━━━ Dataset content
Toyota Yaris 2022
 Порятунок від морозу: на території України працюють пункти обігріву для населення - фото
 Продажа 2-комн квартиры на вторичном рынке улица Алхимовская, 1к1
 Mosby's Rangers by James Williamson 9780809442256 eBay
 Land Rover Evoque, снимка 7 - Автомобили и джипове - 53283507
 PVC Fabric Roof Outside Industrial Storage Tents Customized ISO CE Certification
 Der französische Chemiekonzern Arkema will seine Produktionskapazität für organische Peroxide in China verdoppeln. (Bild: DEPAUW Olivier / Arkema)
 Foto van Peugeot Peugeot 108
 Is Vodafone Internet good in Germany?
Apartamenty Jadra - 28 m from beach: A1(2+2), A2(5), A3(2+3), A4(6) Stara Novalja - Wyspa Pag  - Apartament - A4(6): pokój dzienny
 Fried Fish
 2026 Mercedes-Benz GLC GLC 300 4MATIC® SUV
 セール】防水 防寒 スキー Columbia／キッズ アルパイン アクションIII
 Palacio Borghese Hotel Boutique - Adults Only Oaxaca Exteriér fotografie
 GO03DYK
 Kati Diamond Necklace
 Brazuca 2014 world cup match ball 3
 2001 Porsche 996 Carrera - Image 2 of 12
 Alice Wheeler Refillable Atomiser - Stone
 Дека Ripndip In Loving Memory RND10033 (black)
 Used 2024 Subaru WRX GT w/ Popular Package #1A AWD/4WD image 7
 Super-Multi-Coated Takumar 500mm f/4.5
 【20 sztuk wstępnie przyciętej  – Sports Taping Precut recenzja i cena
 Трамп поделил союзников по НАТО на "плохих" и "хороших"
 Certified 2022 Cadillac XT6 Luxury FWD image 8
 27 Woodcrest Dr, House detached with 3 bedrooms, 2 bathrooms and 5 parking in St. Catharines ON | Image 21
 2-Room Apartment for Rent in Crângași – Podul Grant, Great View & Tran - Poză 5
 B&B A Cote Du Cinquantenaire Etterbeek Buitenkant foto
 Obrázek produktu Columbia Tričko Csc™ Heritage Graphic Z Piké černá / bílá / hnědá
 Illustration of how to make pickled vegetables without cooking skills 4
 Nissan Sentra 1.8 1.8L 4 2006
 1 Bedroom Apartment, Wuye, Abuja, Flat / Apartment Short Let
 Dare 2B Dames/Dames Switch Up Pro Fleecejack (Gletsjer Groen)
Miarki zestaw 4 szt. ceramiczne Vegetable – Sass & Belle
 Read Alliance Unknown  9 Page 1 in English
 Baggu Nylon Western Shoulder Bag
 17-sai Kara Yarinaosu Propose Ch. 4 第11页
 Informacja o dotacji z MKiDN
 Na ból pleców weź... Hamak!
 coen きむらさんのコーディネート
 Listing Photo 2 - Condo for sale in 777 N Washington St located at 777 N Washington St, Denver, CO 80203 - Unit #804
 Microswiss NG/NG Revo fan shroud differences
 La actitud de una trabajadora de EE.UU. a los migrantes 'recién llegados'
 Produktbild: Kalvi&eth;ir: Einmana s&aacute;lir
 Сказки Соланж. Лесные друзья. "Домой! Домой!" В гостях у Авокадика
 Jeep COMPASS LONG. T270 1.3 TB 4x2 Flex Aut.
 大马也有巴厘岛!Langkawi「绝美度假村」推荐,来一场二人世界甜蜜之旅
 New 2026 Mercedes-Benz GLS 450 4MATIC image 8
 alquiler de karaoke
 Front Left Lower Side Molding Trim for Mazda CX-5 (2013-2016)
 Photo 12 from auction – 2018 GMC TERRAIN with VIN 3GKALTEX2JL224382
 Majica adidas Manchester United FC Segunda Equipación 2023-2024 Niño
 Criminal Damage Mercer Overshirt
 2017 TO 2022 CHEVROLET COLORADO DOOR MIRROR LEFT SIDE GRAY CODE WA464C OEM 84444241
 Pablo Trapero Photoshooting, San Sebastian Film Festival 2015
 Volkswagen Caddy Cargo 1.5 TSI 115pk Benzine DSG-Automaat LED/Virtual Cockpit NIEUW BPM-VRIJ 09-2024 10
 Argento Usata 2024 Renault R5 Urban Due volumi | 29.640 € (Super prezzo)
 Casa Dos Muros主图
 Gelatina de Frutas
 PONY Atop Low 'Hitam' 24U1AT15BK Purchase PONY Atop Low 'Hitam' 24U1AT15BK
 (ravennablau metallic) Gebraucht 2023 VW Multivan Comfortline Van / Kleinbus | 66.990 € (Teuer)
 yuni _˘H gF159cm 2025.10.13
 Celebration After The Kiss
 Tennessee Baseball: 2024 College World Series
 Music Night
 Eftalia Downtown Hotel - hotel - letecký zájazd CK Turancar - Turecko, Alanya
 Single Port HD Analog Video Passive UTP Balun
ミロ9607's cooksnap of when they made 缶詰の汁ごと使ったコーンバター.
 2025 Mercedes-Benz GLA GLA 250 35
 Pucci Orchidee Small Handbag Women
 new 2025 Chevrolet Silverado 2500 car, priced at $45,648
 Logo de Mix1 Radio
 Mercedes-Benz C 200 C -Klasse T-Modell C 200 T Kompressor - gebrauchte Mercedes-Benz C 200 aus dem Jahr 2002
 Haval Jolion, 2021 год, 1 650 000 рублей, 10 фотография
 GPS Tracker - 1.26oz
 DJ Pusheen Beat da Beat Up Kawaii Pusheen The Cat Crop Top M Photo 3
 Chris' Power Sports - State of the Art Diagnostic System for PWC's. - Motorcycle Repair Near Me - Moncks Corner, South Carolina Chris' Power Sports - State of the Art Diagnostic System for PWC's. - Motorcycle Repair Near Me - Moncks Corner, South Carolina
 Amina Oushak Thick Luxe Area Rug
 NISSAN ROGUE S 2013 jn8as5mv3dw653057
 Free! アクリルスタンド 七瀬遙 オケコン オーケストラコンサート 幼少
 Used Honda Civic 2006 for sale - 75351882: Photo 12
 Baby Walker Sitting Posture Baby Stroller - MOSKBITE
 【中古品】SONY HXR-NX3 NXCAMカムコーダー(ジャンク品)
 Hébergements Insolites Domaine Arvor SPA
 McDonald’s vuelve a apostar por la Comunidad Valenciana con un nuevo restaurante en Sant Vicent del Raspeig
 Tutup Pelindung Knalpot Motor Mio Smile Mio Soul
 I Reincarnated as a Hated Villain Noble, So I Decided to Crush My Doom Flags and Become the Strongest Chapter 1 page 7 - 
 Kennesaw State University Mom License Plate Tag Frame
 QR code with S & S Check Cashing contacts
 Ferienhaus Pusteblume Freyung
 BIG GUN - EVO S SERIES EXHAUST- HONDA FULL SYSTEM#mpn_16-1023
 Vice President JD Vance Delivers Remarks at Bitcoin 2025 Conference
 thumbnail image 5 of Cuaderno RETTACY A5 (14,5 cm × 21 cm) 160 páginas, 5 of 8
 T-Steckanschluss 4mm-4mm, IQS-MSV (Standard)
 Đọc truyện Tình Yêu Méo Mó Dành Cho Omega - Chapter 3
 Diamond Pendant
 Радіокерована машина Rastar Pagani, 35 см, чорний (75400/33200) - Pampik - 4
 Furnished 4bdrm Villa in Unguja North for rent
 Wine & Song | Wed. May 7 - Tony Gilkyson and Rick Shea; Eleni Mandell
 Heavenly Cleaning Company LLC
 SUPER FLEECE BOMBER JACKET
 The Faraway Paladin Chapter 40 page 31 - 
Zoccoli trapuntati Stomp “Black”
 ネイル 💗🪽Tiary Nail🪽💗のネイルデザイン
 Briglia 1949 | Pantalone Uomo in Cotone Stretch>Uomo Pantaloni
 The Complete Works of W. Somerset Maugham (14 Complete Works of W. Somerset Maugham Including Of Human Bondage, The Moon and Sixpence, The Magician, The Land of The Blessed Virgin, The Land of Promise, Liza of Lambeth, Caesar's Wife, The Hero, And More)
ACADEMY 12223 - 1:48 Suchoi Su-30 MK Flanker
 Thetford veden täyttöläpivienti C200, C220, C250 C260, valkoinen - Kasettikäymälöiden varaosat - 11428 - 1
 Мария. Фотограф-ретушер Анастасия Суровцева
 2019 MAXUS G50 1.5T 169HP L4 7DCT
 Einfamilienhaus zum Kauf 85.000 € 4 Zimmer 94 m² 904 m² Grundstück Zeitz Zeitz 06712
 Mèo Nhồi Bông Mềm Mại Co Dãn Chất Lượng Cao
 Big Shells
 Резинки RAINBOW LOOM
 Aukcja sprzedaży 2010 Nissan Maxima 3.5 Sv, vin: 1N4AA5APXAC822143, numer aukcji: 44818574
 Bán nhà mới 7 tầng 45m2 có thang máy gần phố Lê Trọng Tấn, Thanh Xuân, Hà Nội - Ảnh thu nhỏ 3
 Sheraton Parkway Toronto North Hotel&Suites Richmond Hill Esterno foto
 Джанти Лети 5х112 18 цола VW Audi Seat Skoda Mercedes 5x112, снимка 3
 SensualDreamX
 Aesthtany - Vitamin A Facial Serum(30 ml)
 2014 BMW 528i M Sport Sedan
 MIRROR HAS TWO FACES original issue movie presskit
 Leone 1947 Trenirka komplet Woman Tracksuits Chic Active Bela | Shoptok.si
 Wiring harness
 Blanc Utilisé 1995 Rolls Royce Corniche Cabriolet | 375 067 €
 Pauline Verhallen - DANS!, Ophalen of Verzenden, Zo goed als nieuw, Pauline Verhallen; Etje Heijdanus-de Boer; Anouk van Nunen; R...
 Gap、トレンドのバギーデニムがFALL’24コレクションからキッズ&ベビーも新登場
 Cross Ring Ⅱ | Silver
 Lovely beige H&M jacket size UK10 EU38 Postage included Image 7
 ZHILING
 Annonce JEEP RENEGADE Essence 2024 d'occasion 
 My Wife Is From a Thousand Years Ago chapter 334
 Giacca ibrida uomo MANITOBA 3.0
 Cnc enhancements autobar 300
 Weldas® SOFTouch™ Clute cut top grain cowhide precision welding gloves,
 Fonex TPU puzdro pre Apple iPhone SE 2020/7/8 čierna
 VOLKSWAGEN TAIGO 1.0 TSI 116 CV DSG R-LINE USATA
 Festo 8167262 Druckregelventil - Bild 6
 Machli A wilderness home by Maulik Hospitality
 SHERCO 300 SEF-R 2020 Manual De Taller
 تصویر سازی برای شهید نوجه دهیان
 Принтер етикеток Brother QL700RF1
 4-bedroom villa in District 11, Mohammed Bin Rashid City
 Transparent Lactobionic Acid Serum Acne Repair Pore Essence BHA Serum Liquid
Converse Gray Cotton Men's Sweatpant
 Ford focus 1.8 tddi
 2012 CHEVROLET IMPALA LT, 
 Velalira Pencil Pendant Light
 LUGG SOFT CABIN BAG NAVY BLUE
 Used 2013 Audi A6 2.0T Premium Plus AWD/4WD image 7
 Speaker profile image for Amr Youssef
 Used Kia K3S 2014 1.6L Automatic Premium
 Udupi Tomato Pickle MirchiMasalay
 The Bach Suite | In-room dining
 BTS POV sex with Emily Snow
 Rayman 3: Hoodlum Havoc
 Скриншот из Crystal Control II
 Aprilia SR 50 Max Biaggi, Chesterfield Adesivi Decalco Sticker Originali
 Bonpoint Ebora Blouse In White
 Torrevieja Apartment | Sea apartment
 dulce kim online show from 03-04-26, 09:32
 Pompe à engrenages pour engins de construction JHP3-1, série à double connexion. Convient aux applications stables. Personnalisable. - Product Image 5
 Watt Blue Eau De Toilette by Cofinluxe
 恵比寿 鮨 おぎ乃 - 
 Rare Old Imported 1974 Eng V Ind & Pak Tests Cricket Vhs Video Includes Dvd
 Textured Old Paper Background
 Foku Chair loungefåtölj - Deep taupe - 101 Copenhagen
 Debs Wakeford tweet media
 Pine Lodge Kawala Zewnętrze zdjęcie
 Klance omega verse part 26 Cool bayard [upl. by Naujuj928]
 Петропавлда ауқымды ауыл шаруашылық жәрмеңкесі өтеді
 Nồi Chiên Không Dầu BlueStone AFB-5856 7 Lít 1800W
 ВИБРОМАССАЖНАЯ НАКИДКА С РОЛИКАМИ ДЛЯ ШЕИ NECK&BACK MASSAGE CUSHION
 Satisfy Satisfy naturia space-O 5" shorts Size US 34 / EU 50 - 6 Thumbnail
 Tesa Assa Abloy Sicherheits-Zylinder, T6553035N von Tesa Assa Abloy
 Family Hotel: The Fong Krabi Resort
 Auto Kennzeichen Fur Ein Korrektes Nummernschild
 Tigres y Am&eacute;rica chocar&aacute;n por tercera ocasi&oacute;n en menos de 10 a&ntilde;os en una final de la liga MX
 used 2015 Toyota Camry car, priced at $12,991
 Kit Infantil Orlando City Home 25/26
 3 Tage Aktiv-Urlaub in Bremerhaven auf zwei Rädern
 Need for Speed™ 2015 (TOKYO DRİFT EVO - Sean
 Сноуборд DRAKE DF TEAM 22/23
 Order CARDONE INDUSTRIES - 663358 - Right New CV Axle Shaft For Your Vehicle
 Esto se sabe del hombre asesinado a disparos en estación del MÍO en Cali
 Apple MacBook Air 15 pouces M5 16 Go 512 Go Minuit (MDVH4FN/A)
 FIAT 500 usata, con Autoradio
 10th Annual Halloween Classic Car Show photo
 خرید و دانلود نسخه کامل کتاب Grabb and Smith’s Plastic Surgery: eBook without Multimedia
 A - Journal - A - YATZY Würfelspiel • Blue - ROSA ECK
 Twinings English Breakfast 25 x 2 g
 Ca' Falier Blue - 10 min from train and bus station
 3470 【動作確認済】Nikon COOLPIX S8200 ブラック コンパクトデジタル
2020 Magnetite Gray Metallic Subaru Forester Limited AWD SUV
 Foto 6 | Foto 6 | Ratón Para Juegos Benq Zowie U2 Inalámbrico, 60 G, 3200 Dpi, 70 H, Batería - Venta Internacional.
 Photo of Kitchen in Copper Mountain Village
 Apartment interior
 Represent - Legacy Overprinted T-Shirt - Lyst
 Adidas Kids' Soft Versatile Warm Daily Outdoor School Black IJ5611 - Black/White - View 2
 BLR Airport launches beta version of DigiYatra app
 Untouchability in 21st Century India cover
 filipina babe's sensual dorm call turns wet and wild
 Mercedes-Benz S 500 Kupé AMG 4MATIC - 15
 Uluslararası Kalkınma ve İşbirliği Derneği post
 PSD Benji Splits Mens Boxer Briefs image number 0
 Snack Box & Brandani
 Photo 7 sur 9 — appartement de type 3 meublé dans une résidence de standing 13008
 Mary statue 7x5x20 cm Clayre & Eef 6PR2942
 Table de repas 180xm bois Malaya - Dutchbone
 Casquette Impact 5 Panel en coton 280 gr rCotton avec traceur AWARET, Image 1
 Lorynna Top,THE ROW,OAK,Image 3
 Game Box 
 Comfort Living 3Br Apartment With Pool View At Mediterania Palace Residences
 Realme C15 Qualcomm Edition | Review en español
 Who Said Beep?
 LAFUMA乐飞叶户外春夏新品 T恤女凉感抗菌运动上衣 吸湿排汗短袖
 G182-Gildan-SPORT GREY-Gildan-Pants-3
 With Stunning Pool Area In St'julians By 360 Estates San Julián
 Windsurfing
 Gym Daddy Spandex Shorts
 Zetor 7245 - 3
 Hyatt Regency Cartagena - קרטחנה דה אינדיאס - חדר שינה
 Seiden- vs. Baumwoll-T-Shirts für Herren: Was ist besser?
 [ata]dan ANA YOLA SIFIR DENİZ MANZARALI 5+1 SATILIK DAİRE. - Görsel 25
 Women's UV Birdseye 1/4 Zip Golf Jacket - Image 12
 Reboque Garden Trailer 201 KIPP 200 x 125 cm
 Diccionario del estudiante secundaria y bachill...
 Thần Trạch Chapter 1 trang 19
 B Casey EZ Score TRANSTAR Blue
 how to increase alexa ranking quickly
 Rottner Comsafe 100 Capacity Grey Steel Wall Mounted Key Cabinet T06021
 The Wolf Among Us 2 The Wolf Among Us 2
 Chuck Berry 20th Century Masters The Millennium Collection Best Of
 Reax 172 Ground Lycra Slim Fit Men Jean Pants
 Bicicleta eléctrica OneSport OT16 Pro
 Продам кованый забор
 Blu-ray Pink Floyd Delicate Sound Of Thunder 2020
━━━━━━
Exercise directions:
Give back precisely the lines above that start at the line containing "セール】防水 防寒 スキー Columbia／キッズ アルパイン アクションIII" and end at the line containing "La actitud de", inclusive. No other lines belong in the output.

Task result:
 セール】防水 防寒 スキー Columbia／キッズ アルパイン アクションIII
 Palacio Borghese Hotel Boutique - Adults Only Oaxaca Exteriér fotografie
 GO03DYK
 Kati Diamond Necklace
 Brazuca 2014 world cup match ball 3
 2001 Porsche 996 Carrera - Image 2 of 12
 Alice Wheeler Refillable Atomiser - Stone
 Дека Ripndip In Loving Memory RND10033 (black)
 Used 2024 Subaru WRX GT w/ Popular Package #1A AWD/4WD image 7
 Super-Multi-Coated Takumar 500mm f/4.5
 【20 sztuk wstępnie przyciętej  – Sports Taping Precut recenzja i cena
 Трамп поделил союзников по НАТО на "плохих" и "хороших"
 Certified 2022 Cadillac XT6 Luxury FWD image 8
 27 Woodcrest Dr, House detached with 3 bedrooms, 2 bathrooms and 5 parking in St. Catharines ON | Image 21
 2-Room Apartment for Rent in Crângași – Podul Grant, Great View & Tran - Poză 5
 B&B A Cote Du Cinquantenaire Etterbeek Buitenkant foto
 Obrázek produktu Columbia Tričko Csc™ Heritage Graphic Z Piké černá / bílá / hnědá
 Illustration of how to make pickled vegetables without cooking skills 4
 Nissan Sentra 1.8 1.8L 4 2006
 1 Bedroom Apartment, Wuye, Abuja, Flat / Apartment Short Let
 Dare 2B Dames/Dames Switch Up Pro Fleecejack (Gletsjer Groen)
Miarki zestaw 4 szt. ceramiczne Vegetable – Sass & Belle
 Read Alliance Unknown  9 Page 1 in English
 Baggu Nylon Western Shoulder Bag
 17-sai Kara Yarinaosu Propose Ch. 4 第11页
 Informacja o dotacji z MKiDN
 Na ból pleców weź... Hamak!
 coen きむらさんのコーディネート
 Listing Photo 2 - Condo for sale in 777 N Washington St located at 777 N Washington St, Denver, CO 80203 - Unit #804
 Microswiss NG/NG Revo fan shroud differences
 La actitud de una trabajadora de EE.UU. a los migrantes 'recién llegados'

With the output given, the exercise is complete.